500 Harmony Gold miners rescued from flames underground

By Paul BurkhardtMiners gather to mourn their colleagues outside a shaft at Harmony Gold's Doornkop mine near Johannesburg

(Bloomberg) — Almost 500 workers in a mine run by Harmony Gold Mining Co. Ltd., South Africa’s third-largest producer of the metal, have been rescued after being trapped by a fire.

“They’re all out,” Charmane Russell, a spokeswoman for the company, said by phone. No injuries were reported, she said. Operations are halted at the site, which lies near Carletonville, about 80 kilometers (50 miles) west of Johannesburg.

Harmony said 486 workers at the Kusasalethu mine, its biggest, were underground and 287 were confirmed to be safe in refuge bays after a blaze broke out.
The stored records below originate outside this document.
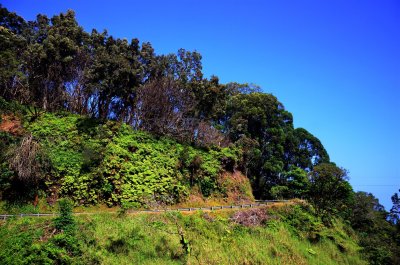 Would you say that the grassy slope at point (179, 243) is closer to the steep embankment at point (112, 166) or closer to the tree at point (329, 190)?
the tree at point (329, 190)

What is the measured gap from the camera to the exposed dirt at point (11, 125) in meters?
25.1

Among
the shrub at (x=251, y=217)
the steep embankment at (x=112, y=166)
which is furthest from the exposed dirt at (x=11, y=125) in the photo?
the shrub at (x=251, y=217)

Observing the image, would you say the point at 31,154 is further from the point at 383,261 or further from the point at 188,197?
the point at 383,261

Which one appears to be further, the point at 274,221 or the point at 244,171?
the point at 244,171

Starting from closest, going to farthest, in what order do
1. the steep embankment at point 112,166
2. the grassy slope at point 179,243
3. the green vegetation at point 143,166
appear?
the grassy slope at point 179,243
the green vegetation at point 143,166
the steep embankment at point 112,166

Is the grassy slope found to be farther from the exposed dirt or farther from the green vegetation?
the exposed dirt

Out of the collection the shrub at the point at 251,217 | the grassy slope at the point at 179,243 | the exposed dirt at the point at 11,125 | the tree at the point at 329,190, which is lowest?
the grassy slope at the point at 179,243

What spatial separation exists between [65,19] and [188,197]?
905 inches

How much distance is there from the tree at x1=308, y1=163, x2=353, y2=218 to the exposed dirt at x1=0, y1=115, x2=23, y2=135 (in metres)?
29.2

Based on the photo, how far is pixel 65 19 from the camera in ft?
108

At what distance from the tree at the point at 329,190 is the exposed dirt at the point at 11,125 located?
29195mm

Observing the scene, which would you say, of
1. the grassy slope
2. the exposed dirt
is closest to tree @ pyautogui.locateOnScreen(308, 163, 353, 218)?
the grassy slope

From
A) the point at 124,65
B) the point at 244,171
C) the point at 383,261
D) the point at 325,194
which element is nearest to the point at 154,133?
the point at 124,65

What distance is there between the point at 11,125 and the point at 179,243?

The fire started at 9:40 a.m. local time Sunday on the mine’s 75 level, about 2,300 meters (7,546 feet) below ground, the company said. The blaze may have begun during maintenance on an air cooler.

Harmony was forced to shut Kusasalethu, for two weeks in October last year after the company arrested more than 100 illegal miners and imposed new safety measures. Chief Executive Officer Graham Briggs announced a plan to turn the operation around in December to mine higher-grade ore and return to profit by the fiscal fourth quarter.

Last February, a rockfall at Harmony’s Doornkop site started a fire underground and killed nine workers, the most deaths in a single event in the company’s history.